◆ WORK REQUIRED:
Copy out all of the material. Every line must match the original.

-- RECORDS PROVIDED follows --

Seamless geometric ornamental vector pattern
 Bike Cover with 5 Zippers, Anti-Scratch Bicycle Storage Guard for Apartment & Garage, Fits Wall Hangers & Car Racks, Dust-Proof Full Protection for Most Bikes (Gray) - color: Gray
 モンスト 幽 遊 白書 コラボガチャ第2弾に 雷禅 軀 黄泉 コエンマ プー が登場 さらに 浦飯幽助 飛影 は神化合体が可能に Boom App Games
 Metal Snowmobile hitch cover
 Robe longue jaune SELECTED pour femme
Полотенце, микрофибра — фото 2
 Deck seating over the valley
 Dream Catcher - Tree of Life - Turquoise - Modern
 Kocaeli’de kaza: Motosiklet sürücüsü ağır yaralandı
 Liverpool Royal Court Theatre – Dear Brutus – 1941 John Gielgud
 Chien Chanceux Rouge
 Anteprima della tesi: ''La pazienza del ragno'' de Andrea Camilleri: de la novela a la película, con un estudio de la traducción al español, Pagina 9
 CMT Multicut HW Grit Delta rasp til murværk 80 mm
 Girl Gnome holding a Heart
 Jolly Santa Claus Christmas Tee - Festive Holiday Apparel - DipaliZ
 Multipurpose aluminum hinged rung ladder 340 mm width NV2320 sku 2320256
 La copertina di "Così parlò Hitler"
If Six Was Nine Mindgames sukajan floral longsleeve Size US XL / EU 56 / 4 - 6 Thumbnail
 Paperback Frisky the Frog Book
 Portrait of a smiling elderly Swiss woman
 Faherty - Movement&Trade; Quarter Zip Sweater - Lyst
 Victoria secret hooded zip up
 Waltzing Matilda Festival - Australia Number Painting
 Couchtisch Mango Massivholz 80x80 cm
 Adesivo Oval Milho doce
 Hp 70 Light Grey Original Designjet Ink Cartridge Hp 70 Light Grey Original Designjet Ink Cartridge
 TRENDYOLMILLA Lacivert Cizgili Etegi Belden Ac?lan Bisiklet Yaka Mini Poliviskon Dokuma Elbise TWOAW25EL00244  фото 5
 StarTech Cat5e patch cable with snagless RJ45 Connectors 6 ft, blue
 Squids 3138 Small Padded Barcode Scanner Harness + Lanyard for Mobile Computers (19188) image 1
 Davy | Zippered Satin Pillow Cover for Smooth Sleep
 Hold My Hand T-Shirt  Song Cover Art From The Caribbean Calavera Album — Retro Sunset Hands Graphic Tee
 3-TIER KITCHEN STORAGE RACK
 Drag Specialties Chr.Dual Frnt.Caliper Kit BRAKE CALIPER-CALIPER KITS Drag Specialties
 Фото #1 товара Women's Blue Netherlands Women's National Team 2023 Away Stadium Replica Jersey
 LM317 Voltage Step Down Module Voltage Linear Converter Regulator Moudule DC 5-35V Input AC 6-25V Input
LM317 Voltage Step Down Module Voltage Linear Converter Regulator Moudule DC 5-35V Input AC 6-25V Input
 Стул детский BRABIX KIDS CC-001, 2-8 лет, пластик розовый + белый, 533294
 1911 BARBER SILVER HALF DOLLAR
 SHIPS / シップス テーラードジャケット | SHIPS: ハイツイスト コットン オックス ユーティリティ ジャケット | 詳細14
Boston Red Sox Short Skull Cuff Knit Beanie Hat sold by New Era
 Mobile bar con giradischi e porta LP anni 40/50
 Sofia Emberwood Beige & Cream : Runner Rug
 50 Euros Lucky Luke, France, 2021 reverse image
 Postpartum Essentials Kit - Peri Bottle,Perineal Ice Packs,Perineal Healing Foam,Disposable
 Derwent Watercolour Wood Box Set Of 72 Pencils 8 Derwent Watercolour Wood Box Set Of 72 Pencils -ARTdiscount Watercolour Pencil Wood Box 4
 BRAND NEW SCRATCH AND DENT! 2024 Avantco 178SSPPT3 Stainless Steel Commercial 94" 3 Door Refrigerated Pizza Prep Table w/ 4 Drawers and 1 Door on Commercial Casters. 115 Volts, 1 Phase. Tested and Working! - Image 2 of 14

-- RECORDS PROVIDED concluded --

◆ EXERCISE SOLUTION:
Seamless geometric ornamental vector pattern
 Bike Cover with 5 Zippers, Anti-Scratch Bicycle Storage Guard for Apartment & Garage, Fits Wall Hangers & Car Racks, Dust-Proof Full Protection for Most Bikes (Gray) - color: Gray
 モンスト 幽 遊 白書 コラボガチャ第2弾に 雷禅 軀 黄泉 コエンマ プー が登場 さらに 浦飯幽助 飛影 は神化合体が可能に Boom App Games
 Metal Snowmobile hitch cover
 Robe longue jaune SELECTED pour femme
Полотенце, микрофибра — фото 2
 Deck seating over the valley
 Dream Catcher - Tree of Life - Turquoise - Modern
 Kocaeli’de kaza: Motosiklet sürücüsü ağır yaralandı
 Liverpool Royal Court Theatre – Dear Brutus – 1941 John Gielgud
 Chien Chanceux Rouge
 Anteprima della tesi: ''La pazienza del ragno'' de Andrea Camilleri: de la novela a la película, con un estudio de la traducción al español, Pagina 9
 CMT Multicut HW Grit Delta rasp til murværk 80 mm
 Girl Gnome holding a Heart
 Jolly Santa Claus Christmas Tee - Festive Holiday Apparel - DipaliZ
 Multipurpose aluminum hinged rung ladder 340 mm width NV2320 sku 2320256
 La copertina di "Così parlò Hitler"
If Six Was Nine Mindgames sukajan floral longsleeve Size US XL / EU 56 / 4 - 6 Thumbnail
 Paperback Frisky the Frog Book
 Portrait of a smiling elderly Swiss woman
 Faherty - Movement&Trade; Quarter Zip Sweater - Lyst
 Victoria secret hooded zip up
 Waltzing Matilda Festival - Australia Number Painting
 Couchtisch Mango Massivholz 80x80 cm
 Adesivo Oval Milho doce
 Hp 70 Light Grey Original Designjet Ink Cartridge Hp 70 Light Grey Original Designjet Ink Cartridge
 TRENDYOLMILLA Lacivert Cizgili Etegi Belden Ac?lan Bisiklet Yaka Mini Poliviskon Dokuma Elbise TWOAW25EL00244  фото 5
 StarTech Cat5e patch cable with snagless RJ45 Connectors 6 ft, blue
 Squids 3138 Small Padded Barcode Scanner Harness + Lanyard for Mobile Computers (19188) image 1
 Davy | Zippered Satin Pillow Cover for Smooth Sleep
 Hold My Hand T-Shirt  Song Cover Art From The Caribbean Calavera Album — Retro Sunset Hands Graphic Tee
 3-TIER KITCHEN STORAGE RACK
 Drag Specialties Chr.Dual Frnt.Caliper Kit BRAKE CALIPER-CALIPER KITS Drag Specialties
 Фото #1 товара Women's Blue Netherlands Women's National Team 2023 Away Stadium Replica Jersey
 LM317 Voltage Step Down Module Voltage Linear Converter Regulator Moudule DC 5-35V Input AC 6-25V Input
LM317 Voltage Step Down Module Voltage Linear Converter Regulator Moudule DC 5-35V Input AC 6-25V Input
 Стул детский BRABIX KIDS CC-001, 2-8 лет, пластик розовый + белый, 533294
 1911 BARBER SILVER HALF DOLLAR
 SHIPS / シップス テーラードジャケット | SHIPS: ハイツイスト コットン オックス ユーティリティ ジャケット | 詳細14
Boston Red Sox Short Skull Cuff Knit Beanie Hat sold by New Era
 Mobile bar con giradischi e porta LP anni 40/50
 Sofia Emberwood Beige & Cream : Runner Rug
 50 Euros Lucky Luke, France, 2021 reverse image
 Postpartum Essentials Kit - Peri Bottle,Perineal Ice Packs,Perineal Healing Foam,Disposable
 Derwent Watercolour Wood Box Set Of 72 Pencils 8 Derwent Watercolour Wood Box Set Of 72 Pencils -ARTdiscount Watercolour Pencil Wood Box 4
 BRAND NEW SCRATCH AND DENT! 2024 Avantco 178SSPPT3 Stainless Steel Commercial 94" 3 Door Refrigerated Pizza Prep Table w/ 4 Drawers and 1 Door on Commercial Casters. 115 Volts, 1 Phase. Tested and Working! - Image 2 of 14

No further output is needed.